*PROVIDED INFORMATION*
*** Block opens ***

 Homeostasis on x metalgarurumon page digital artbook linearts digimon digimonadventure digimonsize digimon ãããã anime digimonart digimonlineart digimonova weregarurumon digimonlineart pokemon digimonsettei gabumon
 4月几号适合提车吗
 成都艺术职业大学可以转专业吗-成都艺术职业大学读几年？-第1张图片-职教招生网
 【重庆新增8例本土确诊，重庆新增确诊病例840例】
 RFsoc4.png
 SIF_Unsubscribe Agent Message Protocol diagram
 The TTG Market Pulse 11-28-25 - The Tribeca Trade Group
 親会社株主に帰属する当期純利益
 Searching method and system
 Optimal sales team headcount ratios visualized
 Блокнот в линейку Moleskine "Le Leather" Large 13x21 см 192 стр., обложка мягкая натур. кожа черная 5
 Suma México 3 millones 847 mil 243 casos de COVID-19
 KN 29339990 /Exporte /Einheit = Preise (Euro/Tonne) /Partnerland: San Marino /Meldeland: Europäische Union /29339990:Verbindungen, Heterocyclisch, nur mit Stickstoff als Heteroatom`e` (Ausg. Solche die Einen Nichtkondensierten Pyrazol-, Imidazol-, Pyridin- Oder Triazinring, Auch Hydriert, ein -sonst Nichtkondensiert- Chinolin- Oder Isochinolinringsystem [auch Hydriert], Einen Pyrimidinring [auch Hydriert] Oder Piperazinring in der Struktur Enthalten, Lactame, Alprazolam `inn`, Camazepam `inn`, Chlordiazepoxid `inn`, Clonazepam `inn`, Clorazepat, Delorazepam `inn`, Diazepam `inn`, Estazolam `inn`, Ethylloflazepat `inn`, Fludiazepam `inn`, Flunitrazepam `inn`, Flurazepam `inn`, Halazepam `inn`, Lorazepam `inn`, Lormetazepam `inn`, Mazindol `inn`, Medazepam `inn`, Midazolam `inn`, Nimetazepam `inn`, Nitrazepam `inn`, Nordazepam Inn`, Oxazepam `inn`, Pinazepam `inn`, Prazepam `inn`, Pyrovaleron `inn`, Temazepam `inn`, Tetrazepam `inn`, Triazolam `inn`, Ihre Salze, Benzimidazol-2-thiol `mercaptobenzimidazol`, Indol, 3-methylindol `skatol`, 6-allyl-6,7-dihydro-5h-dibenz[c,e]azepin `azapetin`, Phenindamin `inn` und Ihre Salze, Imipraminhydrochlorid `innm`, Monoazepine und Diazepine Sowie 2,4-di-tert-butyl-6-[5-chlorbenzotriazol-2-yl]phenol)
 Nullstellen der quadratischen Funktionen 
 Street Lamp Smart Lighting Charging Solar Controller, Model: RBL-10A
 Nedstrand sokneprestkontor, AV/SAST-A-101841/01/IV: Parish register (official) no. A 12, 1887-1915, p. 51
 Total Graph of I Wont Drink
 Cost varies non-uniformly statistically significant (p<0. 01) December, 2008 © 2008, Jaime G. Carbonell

*** Block closes ***

*ABOUT THIS EXERCISE*
Write the material out once more, exactly.

*RESPONSE TO THIS EXERCISE*
 Homeostasis on x metalgarurumon page digital artbook linearts digimon digimonadventure digimonsize digimon ãããã anime digimonart digimonlineart digimonova weregarurumon digimonlineart pokemon digimonsettei gabumon
 4月几号适合提车吗
 成都艺术职业大学可以转专业吗-成都艺术职业大学读几年？-第1张图片-职教招生网
 【重庆新增8例本土确诊，重庆新增确诊病例840例】
 RFsoc4.png
 SIF_Unsubscribe Agent Message Protocol diagram
 The TTG Market Pulse 11-28-25 - The Tribeca Trade Group
 親会社株主に帰属する当期純利益
 Searching method and system
 Optimal sales team headcount ratios visualized
 Блокнот в линейку Moleskine "Le Leather" Large 13x21 см 192 стр., обложка мягкая натур. кожа черная 5
 Suma México 3 millones 847 mil 243 casos de COVID-19
 KN 29339990 /Exporte /Einheit = Preise (Euro/Tonne) /Partnerland: San Marino /Meldeland: Europäische Union /29339990:Verbindungen, Heterocyclisch, nur mit Stickstoff als Heteroatom`e` (Ausg. Solche die Einen Nichtkondensierten Pyrazol-, Imidazol-, Pyridin- Oder Triazinring, Auch Hydriert, ein -sonst Nichtkondensiert- Chinolin- Oder Isochinolinringsystem [auch Hydriert], Einen Pyrimidinring [auch Hydriert] Oder Piperazinring in der Struktur Enthalten, Lactame, Alprazolam `inn`, Camazepam `inn`, Chlordiazepoxid `inn`, Clonazepam `inn`, Clorazepat, Delorazepam `inn`, Diazepam `inn`, Estazolam `inn`, Ethylloflazepat `inn`, Fludiazepam `inn`, Flunitrazepam `inn`, Flurazepam `inn`, Halazepam `inn`, Lorazepam `inn`, Lormetazepam `inn`, Mazindol `inn`, Medazepam `inn`, Midazolam `inn`, Nimetazepam `inn`, Nitrazepam `inn`, Nordazepam Inn`, Oxazepam `inn`, Pinazepam `inn`, Prazepam `inn`, Pyrovaleron `inn`, Temazepam `inn`, Tetrazepam `inn`, Triazolam `inn`, Ihre Salze, Benzimidazol-2-thiol `mercaptobenzimidazol`, Indol, 3-methylindol `skatol`, 6-allyl-6,7-dihydro-5h-dibenz[c,e]azepin `azapetin`, Phenindamin `inn` und Ihre Salze, Imipraminhydrochlorid `innm`, Monoazepine und Diazepine Sowie 2,4-di-tert-butyl-6-[5-chlorbenzotriazol-2-yl]phenol)
 Nullstellen der quadratischen Funktionen 
 Street Lamp Smart Lighting Charging Solar Controller, Model: RBL-10A
 Nedstrand sokneprestkontor, AV/SAST-A-101841/01/IV: Parish register (official) no. A 12, 1887-1915, p. 51
 Total Graph of I Wont Drink
 Cost varies non-uniformly statistically significant (p<0. 01) December, 2008 © 2008, Jaime G. Carbonell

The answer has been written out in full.